However, the influence of foreign investors on the Chinese stock market has been grossly exaggerated. Any serious observer of the Chinese economy would have noticed that those foreign investors have said nothing they didn't already know.

The poor performance of the Chinese stock market in recent months has little to do with it getting a bad rap from abroad. Instead it has got everything to do with what savvy analysts have called the readjustment of investors' expectations.

This process was triggered by the realization that the Chinese economy is not going to grow as fast as in the past decades. Previously, many investors expected the economy would recover briskly after bottoming out last year. A rally in late 2012 and the first quarter of 2013 was widely seen as proof of this.

But the euphoria of a return of the bull market soon gave way to the grim realization that the recovery was much slower and weaker than expected. The bullish sentiment that dominated the market for several months evaporated long before it was talked down by foreign analysts.

Chinese investors don't need foreign gurus to remind them of the clouded economic outlook. The much-reported problems besetting the many factories in the manufacturing centers, such as Wenzhou and some other locations in the industrial heartland of the Yangtze River Delta region have made it clear that all is not well with the export sector.

Of China's major export markets, the United States may be showing a slow but definite recovery trend. But Europe appears to be sinking deeper into a recession. Even the German economy is sputtering as it is dragged down by the prolonged slump in its neighboring markets, including France, Spain and Italy. Negative growth in Europe in 2013, and possibly in 2014, is widely predicted.

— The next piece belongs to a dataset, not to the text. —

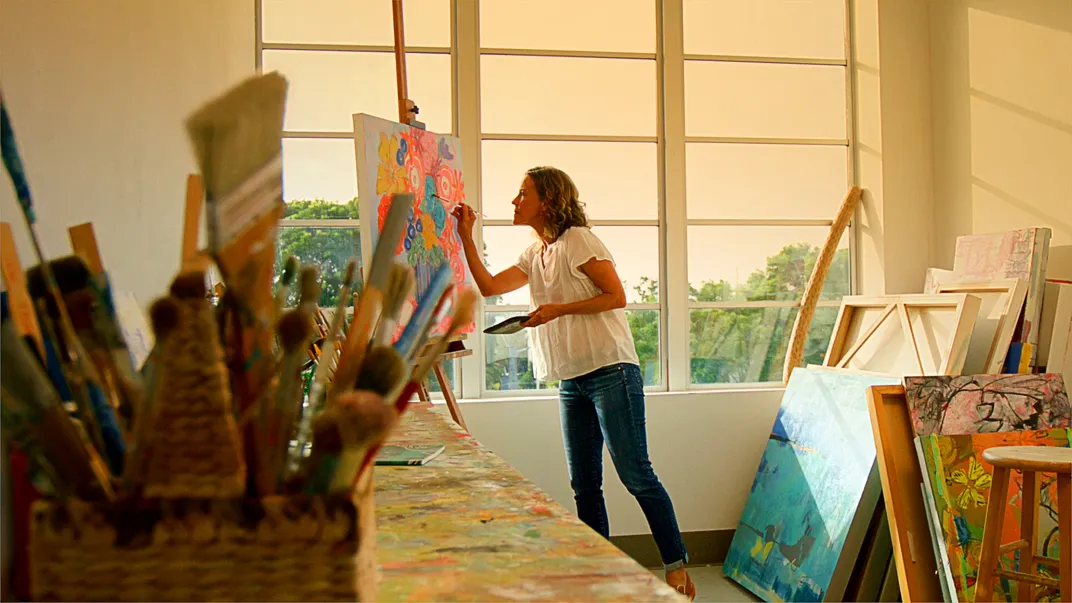 What Key West’s Art Scene Reveals About America’s Creative Spirit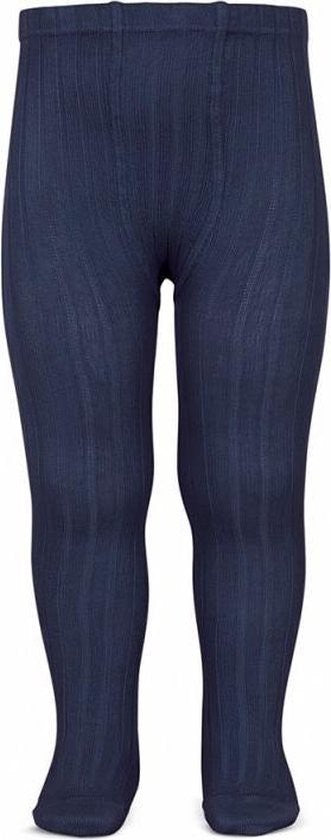 Condor basic rib Kindermaillot MARINE 2016/1 Col. 480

On the domestic front, the overheated property market has been cited by many foreign institutions as a core issue underlining their pessimistic outlook for the Chinese market. They contend that property prices have soared to levels fewer and fewer home buyers can afford. The bursting of the bubble, fuelled by easy bank credit, could unsettle the financial system and wreak havoc on the overall economy.

Such worries are hardly news to seasoned observers of the Chinese economy. In fact, the government has taken numerous monetary and administrative measures to cool the property market. How effective such measures have been is, of course, open to debate. But the potential problems created by an overheated property sector were exposed for all to see.

Foreign investment analysts like to harp on about the large local government debts and the potential piling up of bad loans in banks' books. Such worries are understandable at a time when the economy is expected to grow at a much slower pace than before. Some foreign commentators were merely using these factors to paint a worst-case scenario, which is, of course, preventable.

Foreign investors are free to bet their money shorting Chinese stocks in Hong Kong with the available market mechanism for such operations. Many domestic investors seem to hold the same view as they have been selling down the market over the past several months.

The question to ask now is whether the Chinese stork market is oversold. If you think this is bargain-hunting time, go ahead. Don't let the pessimistic talk of the foreign investors cloud your judgment. You are sure to find some undervalued stocks worth buying.